I have a table that looks like this
date car_crashes city
01.01 1 Washington
01.02 4 Washington
01.03 0 Washington
01.04 2 Washington
01.05 0 Washington
01.06 3 Washington
01.07 4 Washington
01.08 1 Washington
01.01 0 Detroit
01.02 2 Detroit
01.03 4 Detroit
01.04 2 Detroit
01.05 0 Detroit
01.06 3 Detroit
01.07 1 Detroit
I want to know how many car crashes for each day happened in the entire nation, and I can do that with this:
Model.values("date") \
.annotate(car_crashes=Sum('car_crashes')) \
.values("date", "car_crashes")
Now, let's suppose I have an array like this:
weights = [
{
"city": "Washington",
"weight": 1,
},
{
"city": "Detroit",
"weight": 2,
}
]
This means that Detroit's car crashes should be multiplied by 2 before being aggregated with Washington's.
It can be done like this:
from django.db.models import IntegerField
when_list = [When(city=w['city'], then=w['weight']) for w in weights]
case_params = {'default': 1, 'output_field': IntegerField()}
Model.objects.values('date') \
.annotate(
weighted_car_crashes=Sum(
F('car_crashes') * Case(*when_list, **case_params)
))
However, this generates very slow SQL code, especially as more properties and a larger array are introduced.

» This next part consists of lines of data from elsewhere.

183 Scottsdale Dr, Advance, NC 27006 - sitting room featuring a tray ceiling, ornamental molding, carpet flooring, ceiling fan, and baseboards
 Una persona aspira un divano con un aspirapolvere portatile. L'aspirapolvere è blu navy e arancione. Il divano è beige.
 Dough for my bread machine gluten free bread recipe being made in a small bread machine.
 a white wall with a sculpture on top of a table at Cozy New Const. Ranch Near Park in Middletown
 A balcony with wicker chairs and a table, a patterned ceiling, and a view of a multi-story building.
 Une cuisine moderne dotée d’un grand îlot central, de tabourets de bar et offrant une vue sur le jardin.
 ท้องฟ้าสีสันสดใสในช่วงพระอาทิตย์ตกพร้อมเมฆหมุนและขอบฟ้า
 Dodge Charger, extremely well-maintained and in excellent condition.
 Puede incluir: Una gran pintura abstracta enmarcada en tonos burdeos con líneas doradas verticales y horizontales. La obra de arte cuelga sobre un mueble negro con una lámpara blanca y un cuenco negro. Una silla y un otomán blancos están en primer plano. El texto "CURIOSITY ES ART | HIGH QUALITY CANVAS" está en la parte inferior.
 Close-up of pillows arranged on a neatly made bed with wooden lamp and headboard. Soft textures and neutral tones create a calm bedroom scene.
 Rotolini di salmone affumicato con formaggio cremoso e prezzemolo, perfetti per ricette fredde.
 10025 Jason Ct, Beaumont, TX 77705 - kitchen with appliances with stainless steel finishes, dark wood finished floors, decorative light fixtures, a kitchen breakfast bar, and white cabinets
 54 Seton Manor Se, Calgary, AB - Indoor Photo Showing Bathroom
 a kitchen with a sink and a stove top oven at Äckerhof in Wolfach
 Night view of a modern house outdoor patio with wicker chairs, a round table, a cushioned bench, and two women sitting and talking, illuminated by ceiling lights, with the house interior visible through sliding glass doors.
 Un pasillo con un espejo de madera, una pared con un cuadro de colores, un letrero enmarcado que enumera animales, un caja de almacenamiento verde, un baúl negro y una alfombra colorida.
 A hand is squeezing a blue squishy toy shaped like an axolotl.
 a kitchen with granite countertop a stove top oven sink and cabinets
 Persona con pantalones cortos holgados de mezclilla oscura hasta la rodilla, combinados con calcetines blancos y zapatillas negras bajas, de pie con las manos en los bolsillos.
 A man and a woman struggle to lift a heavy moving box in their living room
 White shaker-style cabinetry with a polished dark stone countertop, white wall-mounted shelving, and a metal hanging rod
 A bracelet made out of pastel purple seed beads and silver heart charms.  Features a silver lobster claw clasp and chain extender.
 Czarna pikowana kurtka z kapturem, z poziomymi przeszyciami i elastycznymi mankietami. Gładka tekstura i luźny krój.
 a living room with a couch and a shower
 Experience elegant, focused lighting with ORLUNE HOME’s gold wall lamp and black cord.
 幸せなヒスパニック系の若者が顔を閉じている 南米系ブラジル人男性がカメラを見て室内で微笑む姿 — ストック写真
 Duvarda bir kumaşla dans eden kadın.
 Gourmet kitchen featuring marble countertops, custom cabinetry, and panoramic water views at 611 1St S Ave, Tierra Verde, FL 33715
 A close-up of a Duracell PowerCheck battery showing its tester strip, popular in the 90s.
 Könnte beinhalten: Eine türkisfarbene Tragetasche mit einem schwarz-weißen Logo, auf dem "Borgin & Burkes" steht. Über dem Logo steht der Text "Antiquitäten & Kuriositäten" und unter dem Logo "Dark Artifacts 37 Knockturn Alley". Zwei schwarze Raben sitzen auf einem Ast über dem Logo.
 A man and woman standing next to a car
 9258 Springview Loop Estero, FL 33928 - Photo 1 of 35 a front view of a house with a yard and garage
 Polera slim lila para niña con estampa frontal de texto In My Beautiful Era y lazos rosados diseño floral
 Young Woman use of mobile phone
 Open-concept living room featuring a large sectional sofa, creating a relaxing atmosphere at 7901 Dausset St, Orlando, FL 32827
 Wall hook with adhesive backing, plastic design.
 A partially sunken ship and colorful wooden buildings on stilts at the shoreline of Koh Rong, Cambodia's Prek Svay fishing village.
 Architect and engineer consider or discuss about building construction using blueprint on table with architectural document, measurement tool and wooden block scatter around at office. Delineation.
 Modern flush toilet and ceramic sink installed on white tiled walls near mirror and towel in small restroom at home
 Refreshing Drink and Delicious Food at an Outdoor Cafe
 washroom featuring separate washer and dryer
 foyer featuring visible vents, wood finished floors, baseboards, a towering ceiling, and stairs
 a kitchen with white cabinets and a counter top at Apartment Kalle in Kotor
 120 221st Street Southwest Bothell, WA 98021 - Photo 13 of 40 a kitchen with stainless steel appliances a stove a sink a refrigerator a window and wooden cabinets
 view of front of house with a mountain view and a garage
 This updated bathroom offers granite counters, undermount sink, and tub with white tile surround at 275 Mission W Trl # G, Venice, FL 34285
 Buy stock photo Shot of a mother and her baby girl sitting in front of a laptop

Another solution which is way faster but still sub-optimal is using pandas to :
aggregated = false
for weight in weights:
ag = Model.values("date") \
.annotate(car_crashes=Sum('car_crashes')) \
.values("date", "car_crashes")
if aggregated is False:
aggregated = ag
else:
aggregated = aggregated.union(ag)
aggregated = pd.DataFrame(aggregated)
if len(weights) > 1:
aggregated = aggregated.groupby("date", as_index=False).sum(level=[1])
This is faster, but still not as fast as what happens if, before calling pandas, I take the aggregated.query string and
wrap it with a few lines of SQL.
SELECT "date", sum("car_crashes") FROM (
// String from Python
str(aggregated.query)
)
This works perfectly when pasted into my database SQL. I could do this in Python/Django using .raw() but the documentation says to ask here before using .raw() as mostly anything could be acomplished with the ORM.
Yet, I don't see how. Once I call .union on 2 querysets, I cannot aggregate further.
aggregated.union(ag).annotate(cc=Sum('car_crashes'))
gives
Cannot compute Sum('car_crashes'): 'car_crashes' is an aggregate
Is this possible to do with the Django ORM or should I use .raw()?